We try not to stray from the geek-o-sphere too much here at the NOC, but it’s kind of hard to deny that the one pop cultural topic that’s taking up all of the oxygen is the announcement of the 2015 Academy Award nominations, and the near 100% shut out of people of color in all the major categories1. The most egregious of these snubs was the almost complete dismissal of Selma. The Martin Luther King biopic was pretty much a lock for multiple noms for most of awards season but only managed a Best Song and a (token) Best Picture out of the deal. Star David Oyelowo and director Ava DuVernay were left on the outside looking in.

And if you need a direct connection back to the nerd world, Oyelowo provides the voice for the Star Wars: Rebels baddie Agent Kallus and Topless Robot wants DuVernay to direct a Marvel movie (something the director isn’t opposed to, by the way). So there.

Here’s the thing. Who’s really surprised by these snubs? The Academy has had a long history of ignoring people of color — unless they’re playing slaves, servants, and/or murderous despots — and elevating movies about people of color by honoring only the white folk in them. Whenever the Academy acknowledges movies about racism, it’s usually movies centered around white folk — see Crash or Lincoln or The Help. Perhaps Selma was snubbed because it wasn’t white savior-y enough? Despite that manufactured backlash, Selma perfectly set up the Academy to do something historic. Think about it: on the occasion of what would have been Martin Luther King’s 85th birthday and on the eve of the national holiday created to honor his legacy2, the Academy could have nominated the first ever Black woman for Best Director and an actor who, by all accounts, embodied Dr. King more so than any performer previous.

For an organization created to honor the movies, they sure suck at creating a narrative. But hey, Common is now 50% of the way toward an EGOT. That’s something. Right?

Even when a POC-centered movie actually is an Oscar juggernaut — like The Last Emperor in 1988 or Crouching Tiger Hidden Dragon in 2001, the Academy finds ways to honor everyone but the actors.

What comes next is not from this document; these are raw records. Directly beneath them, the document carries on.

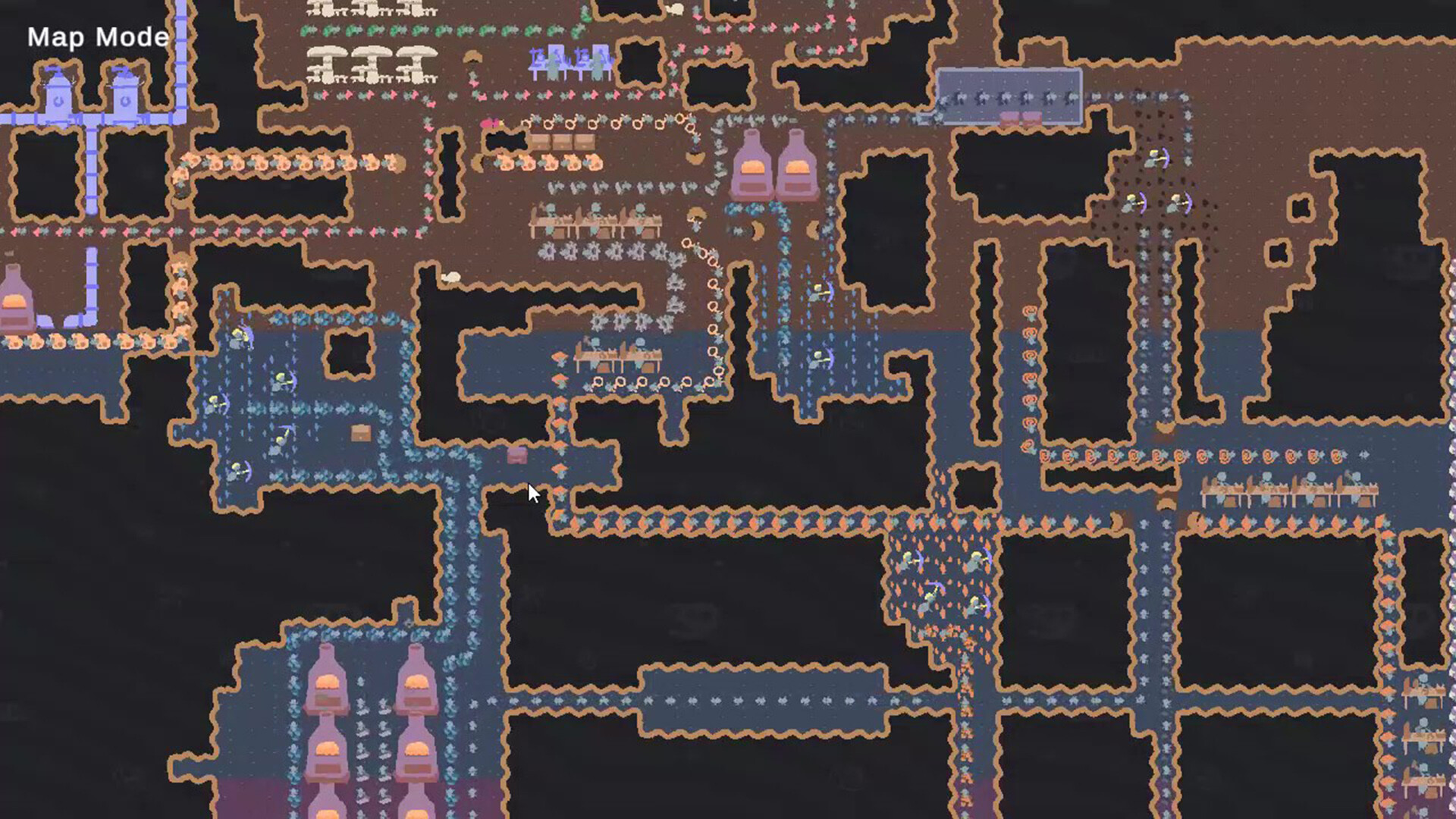 Factoriant screenshot 13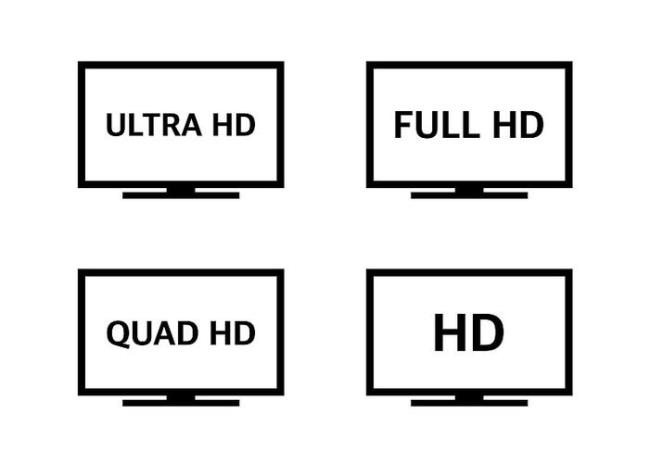 全高清fhd+的分辨率好不好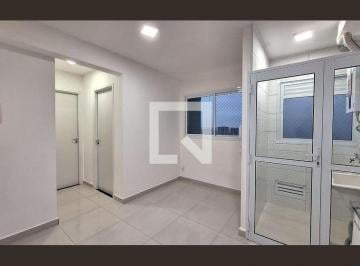 Apartamento · 34m² · 2 Quartos · Apartamento para Aluguel - Sapopemba, 2 Quartos,  34 m² - São Paulo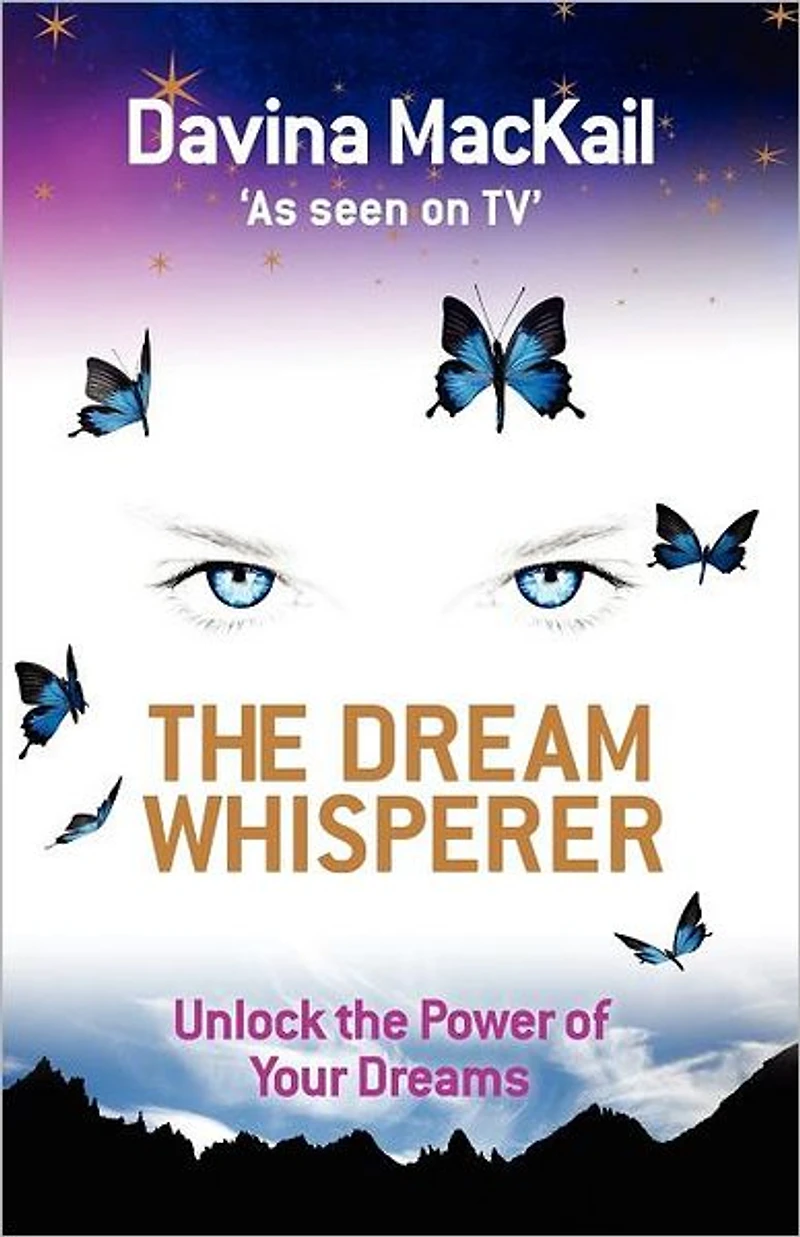 the Dream Whisperer: Unlock Power of Your Dreams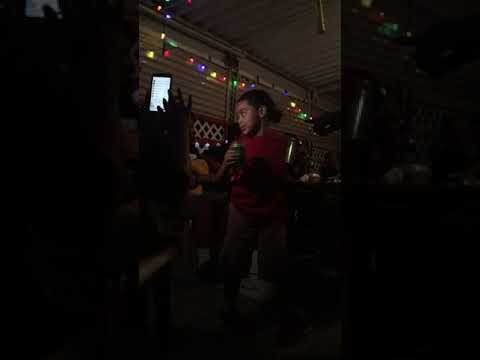 Koe ngoue iteni moe akau ‘oe mou’i cover by Koula ‘Oe Anomasima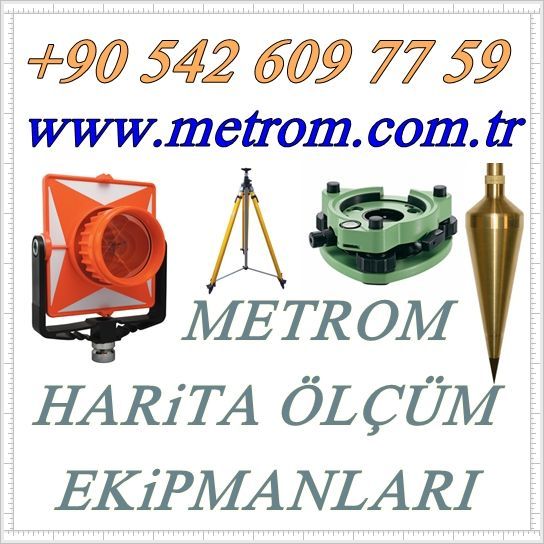 Geometrik ve Takeometrik Nivelman ve araçları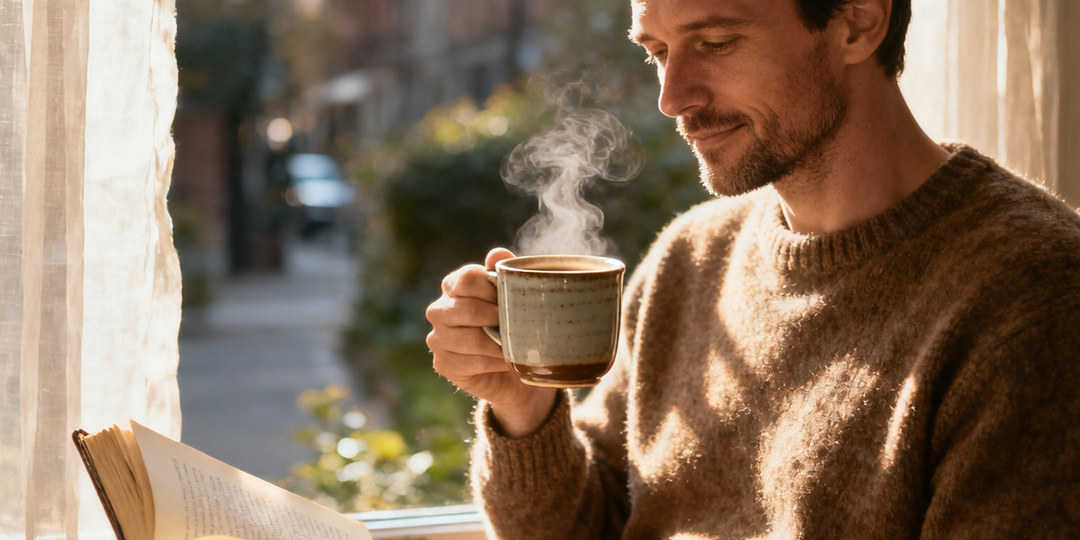 Почему я перестал рассказывать друзьям о своих планах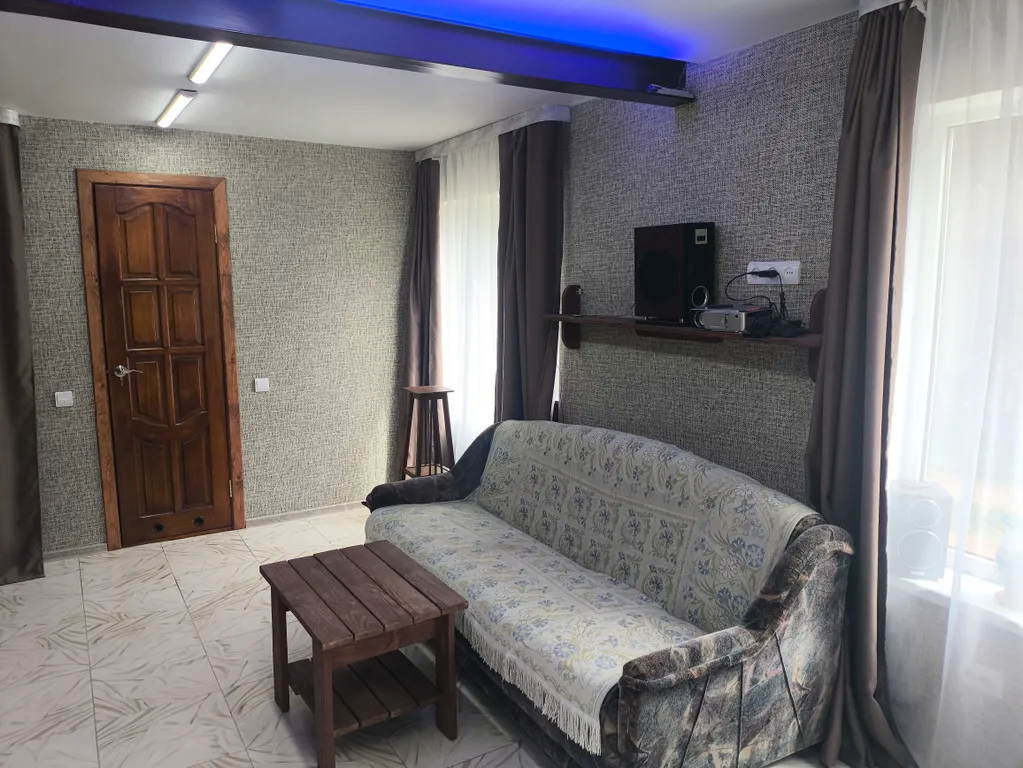 3-комнатный Дом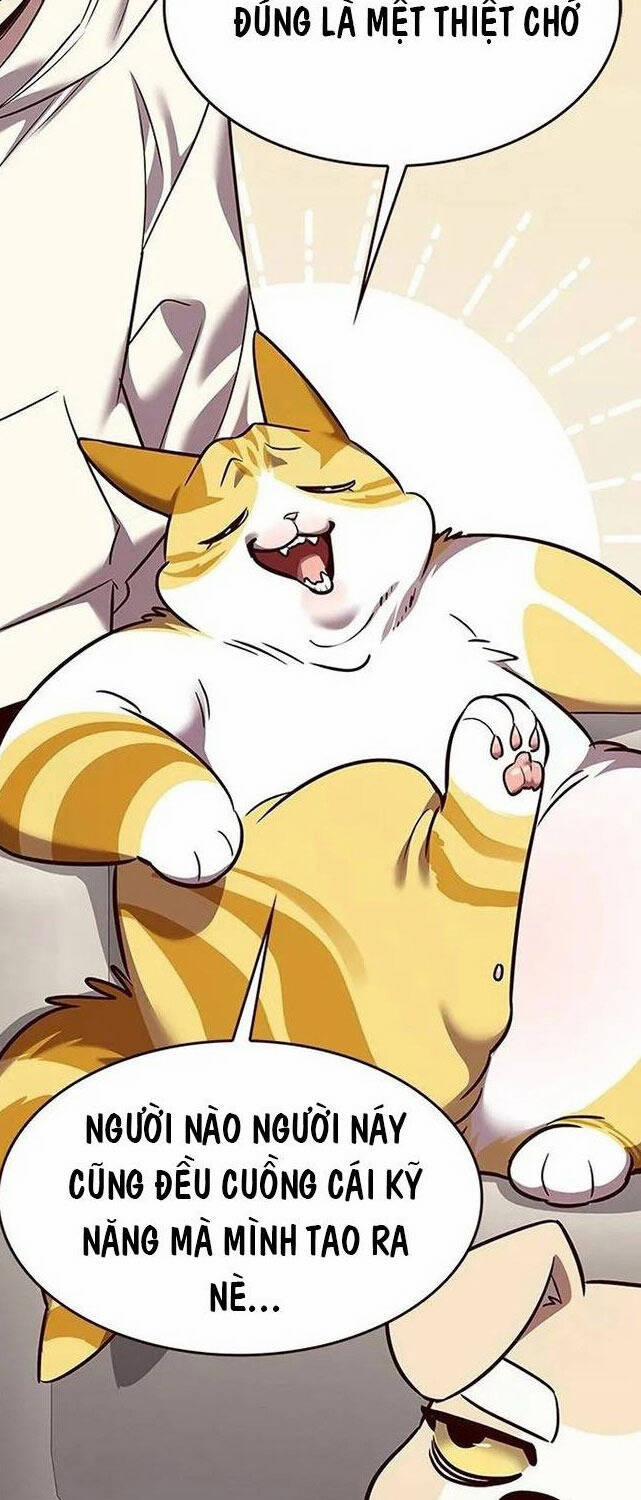 Hóa Thân Thành Mèo 308 trang 73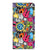 OPPO Reno6 5G Hippe Standcase Punk Rock - B2C Telecom
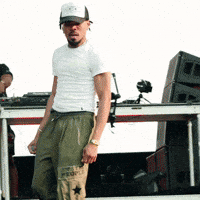 Chance The Rapper Chicago GIF by Respective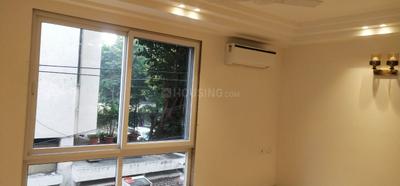 Bedroom Image of 2800 Sq.ft 4 BHK Builder Floor for rent in Vasant Kunj New Delhi for Rs. 75000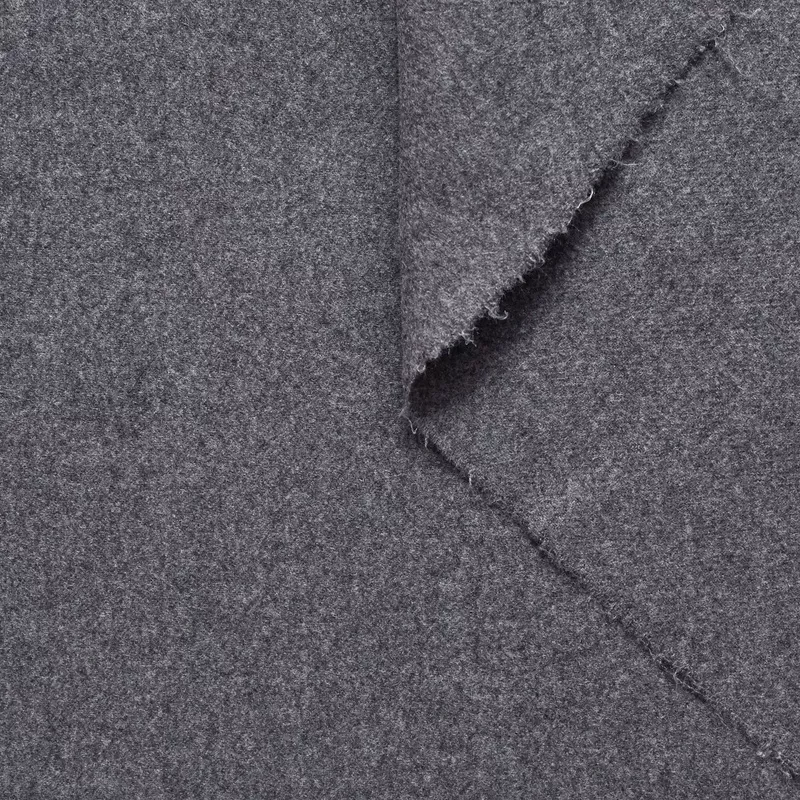 t20a00208-double-face-compact-wool-drap-volcanic-ash T20A00208 | Double Face Compact Wool Drap Volcanic Ash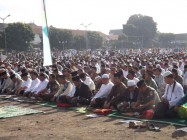 Pesan moral terkandung dalam qurban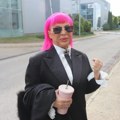 "Ne bih mogla da izdržim njegovu sahranu" Zorica Brunclik se slomila pred kamerama na pomen Halida Bešlića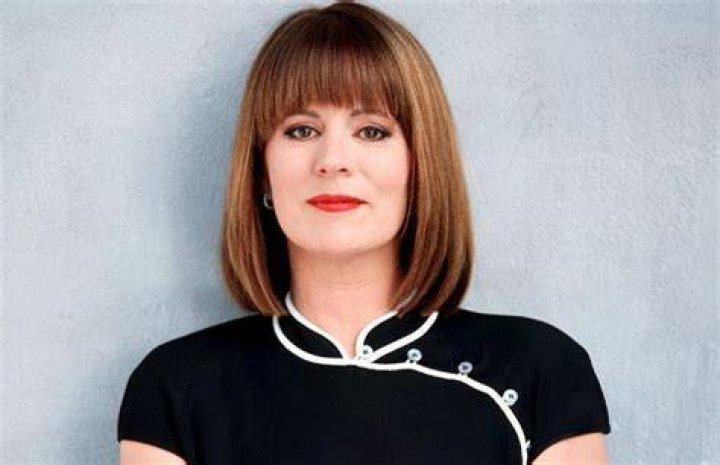 Patricia Richardson Height, Weight, Measurements, Bra Size, Shoe Size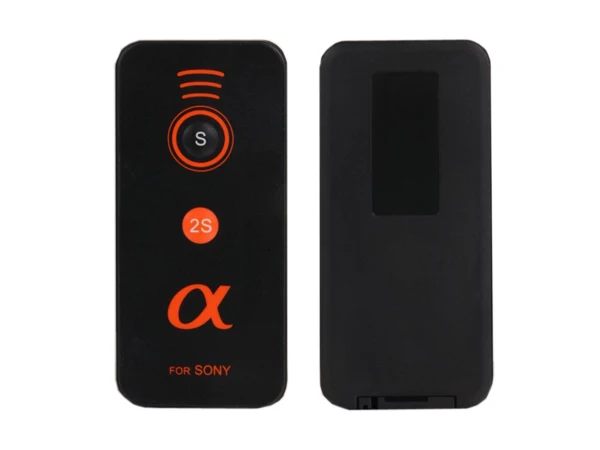 ML-L3 IR  Remote Control for canon PENTAX Q, PENTAX DSLR (645D, K-5 II, K-5 II S, K-50, K-30, K-500, X-5, K-m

You know, the people audiences actually see on screen?

How these soulful performances from Chow Yun-Fat and Michelle Yeoh were ignored by Oscar, I’ll never understand.

The other surprise snub was the absence of The LEGO Movie from the Best Animated Feature category. Though to be honest, I’m less broken up about that. While I really, really liked the movie, I’m rooting for Big Hero 6; though, I won’t be mad if The Tale of the Princess Kaguya walks away with the trophy. For starters, it’s simply a visually stunning film unlike anything else in the category. Also, it’d be nice to see Isao Takahata accept the Oscar, if only to see at least one non-white person win something.

Check out Heidi at The Beat for a rundown of the rest of the nerd-friendly categories (spoiler: they’re all the visual effects ones).

But I won’t lie. I’ll probably end up watching the broadcast. As frustrating as it is, I can’t deny that I’m a bit of an Oscar junkie, and I do have a rooting interest in some of the films that were nominated since Boyhood and Birdman3 were two of my favorite movies this year. And let’s face it, had Oyelowo or DuVernay been nominated, chances are neither would have won their respective categories since it’s pretty much Michael Keaton’s and Richard Linklater’s year. But by not nominating either of them, the Academy is denying both the opportunity to even compete, and that’s the real crime.


  1. Birdman director Alejandro González Iñárritu — who’s Mexican — is the lone exception. 
  2. Not to mention 2015 is the 50th anniversary of the marches in Selma and on the heels of Ferguson and the #BlackLivesMatter movement, the movie is more relevant than ever. 
  3. And in case you were wondering, you bet I’ve already updated my “Batman & Oscar” list to include Michael Keaton’s nomination!